それはその自治体で採用した、非常に優れた能力と公的な資格を持った女性職員が、裕福な隣町の人と結婚して役所を退職して引っ越して行ってしまった、とのこと。
自治体としては彼女の持っている資格もありがたかったのですが、貴重な人財が失われてしまってがっくり。
おまけに彼女が嫁いだ先の旦那さんが裕福なゆえに、彼女は資格を活かした仕事につくこともなく家庭に入ってしまい、地域として才能を活かすことができていないのだそう。
「せめて嫁いでいった先で資格を生かして働いてくれればまだ送り出した側も仕方がないかな、と思えるのですが、裕福な家であるがために女性の活躍が果たされないというのは、我々のような過疎の地域では非常にもったいないと思うんですよね」と首長さんは悲しげでした。

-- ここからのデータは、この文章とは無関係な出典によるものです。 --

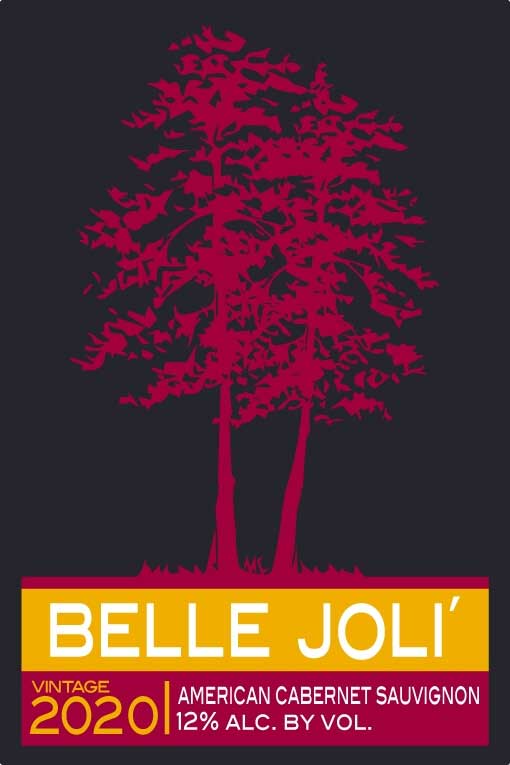 Product Image for CABERNET SAUVIGNON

私は「人口減少下の地方部では皆が多能工になって能力と資格を持ち寄って課題を解決してゆかなくてはならない」という持論を持っているのですが、現実にはなかなか実現が難しい事情もあるのでしょう。
人口減少への対処はペースを上げないと地域がつぶれ、地域が社会に送り込んでいる農水産物などの資源供給も失われてしまうことを真剣に考える必要があります。